[[ Dataset excerpt open ]]
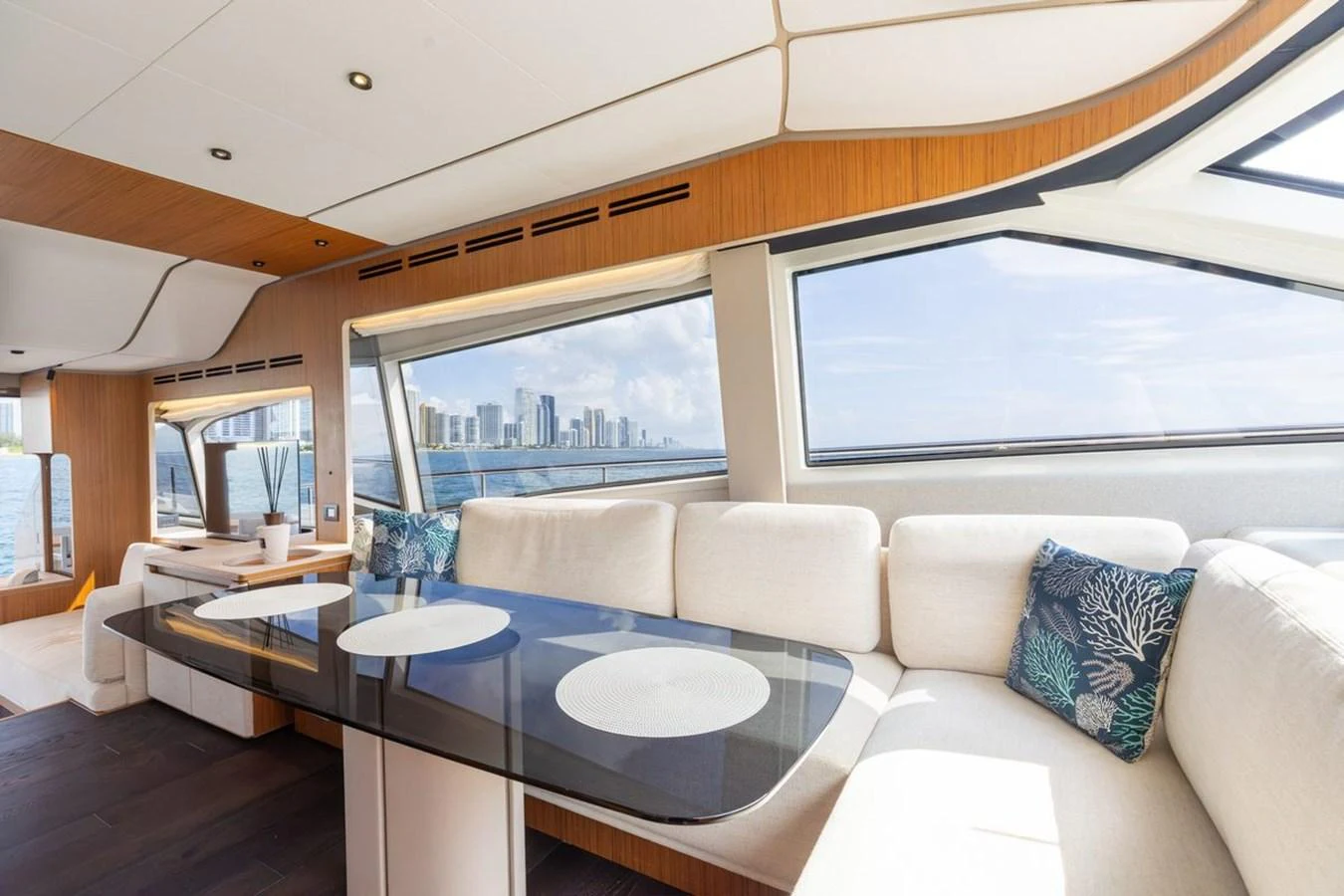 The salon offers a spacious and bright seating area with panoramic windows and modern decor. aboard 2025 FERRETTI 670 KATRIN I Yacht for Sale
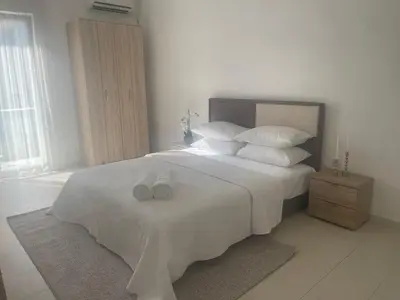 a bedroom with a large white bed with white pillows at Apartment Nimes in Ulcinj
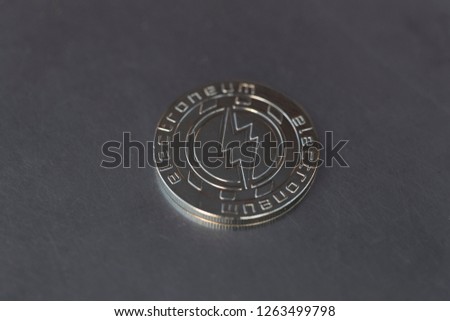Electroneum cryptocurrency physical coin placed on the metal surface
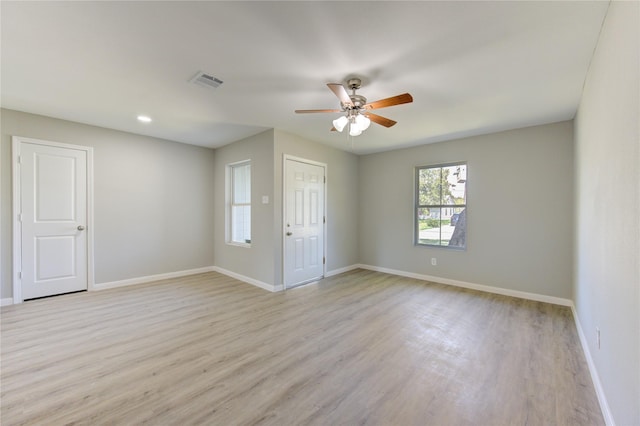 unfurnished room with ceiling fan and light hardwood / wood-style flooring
[[ Dataset excerpt closed ]]
- _What is required_:
Beginning with the line that contains "a bedroom with" and ending with the final line of the listing, return each line exactly. Omit all pictures.

- _Reply_:
 a bedroom with a large white bed with white pillows at Apartment Nimes in Ulcinj
Electroneum cryptocurrency physical coin placed on the metal surface
 unfurnished room with ceiling fan and light hardwood / wood-style flooring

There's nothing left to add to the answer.